Il n'est pas jusqu'à l'écriture qui ne permette d'établir un portrait caractérologique, de vérifier l'évolution d'un trouble chez l’enfant, voire de constituer une thérapie excellente comme l'a démontré R. Trillat, graphologue-expert au Centre Claude Bernard à Paris (5) qui a mis au point une technique aussi rigoureuse qu'efficace, ou A. Lecerf et G. Mialaret qui avaient travaillé dans le même sens, avec le même esprit (6).

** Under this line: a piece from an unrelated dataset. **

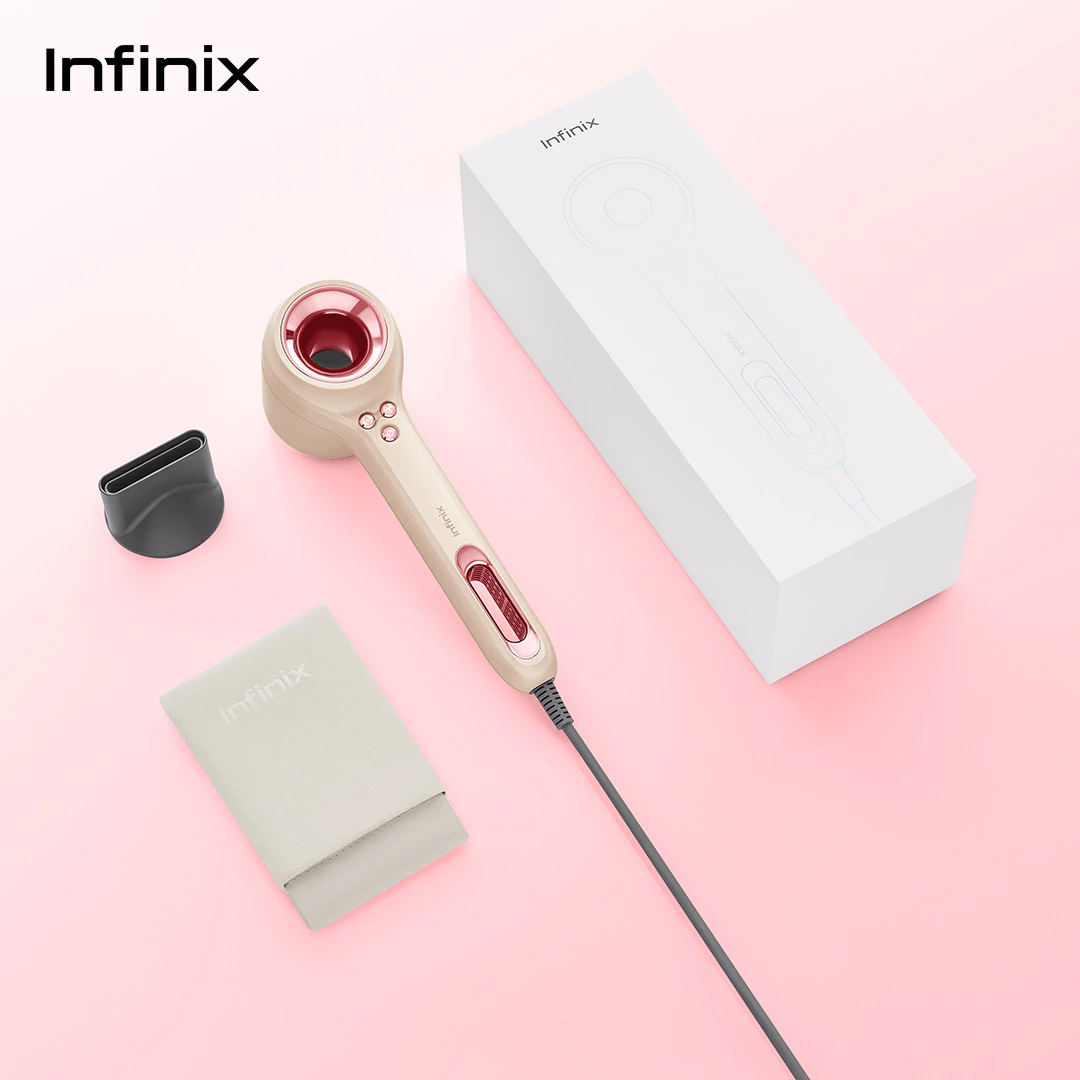 Infinix Hair Dryer / Pengering Rambut - 64db Ultra Silence - High Speed Drying - Smart Temperature Control - Magnetic Nozzle - Dust Proof - Gambar 3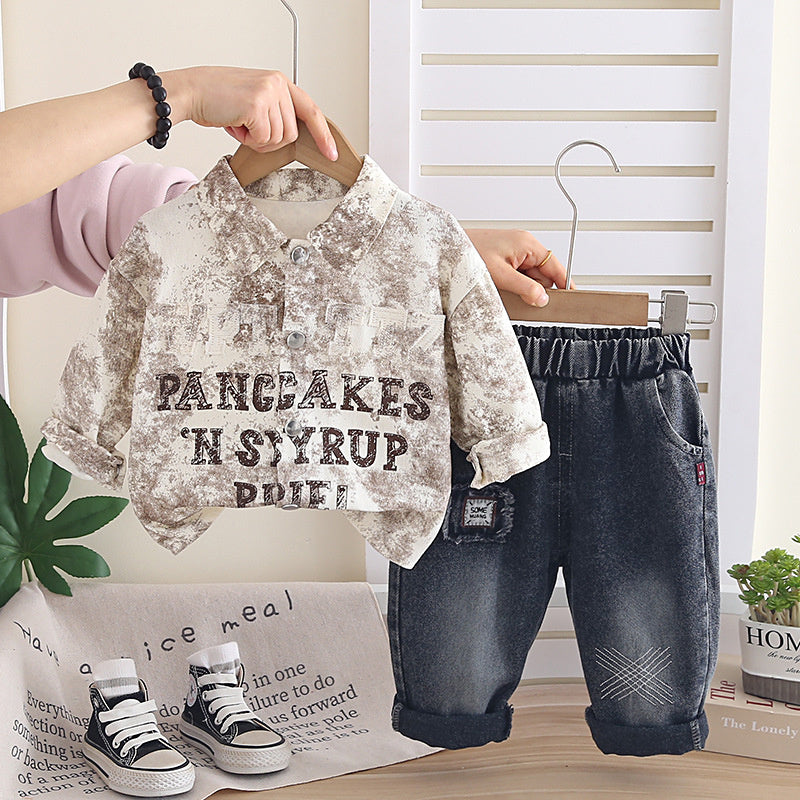 Boys' Outfit 2026 New Fashionable Children's Spring and Autumn Embroidered Letter Long Sleeve Two-Piece Set Trendy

(1) Prof. Enrico Fulchignoni : « L'art thérapeutique moderne » in « Le Courrier », revue Unesco, mai 1959, p. 26-27
(2) Dr Sophie Morgenstern : « Psychanalyse infantile - Symbolisme et valeur clinique des créations imaginatives chez l'enfant ». Ed. Denoël, Paris 1937.
(3) Trude Traube : « La valeur diagnostique des dessins des enfants difficiles » (arch. de psychologie, n° 103 - 1937, p. 285-309)
(4) Madeleine Rambert : « La vie affective et morale de l'enfant ». Ed. Delachaux-‑Niestlé, Neufchâtel, Paris 1945.µ
(5) a) R. Trillat et H. Masson : « Expérience de graphothérapie en psycho-pédagogie » Ed. Vigot Frères, Paris – 1957.
b) R. Trillat : « Comment enseigner l'écriture ou Art et psychologie de l'écriture » Ed. Bibl. pédag. F. Nathan, Paris 1958.
(6) A. Lecerf et G. Mialaret : « L'écriture et la connaissance des enfants », Ed. Bourrelier, Paris 1951.

« Cette psychothérapie graphique entraîne des conséquences importantes en ce qui concerne le travail scolaire, et contribue ainsi à l'amélioration de l'ensemble du comportement' et des relations de l'élève avec ses éducateurs ».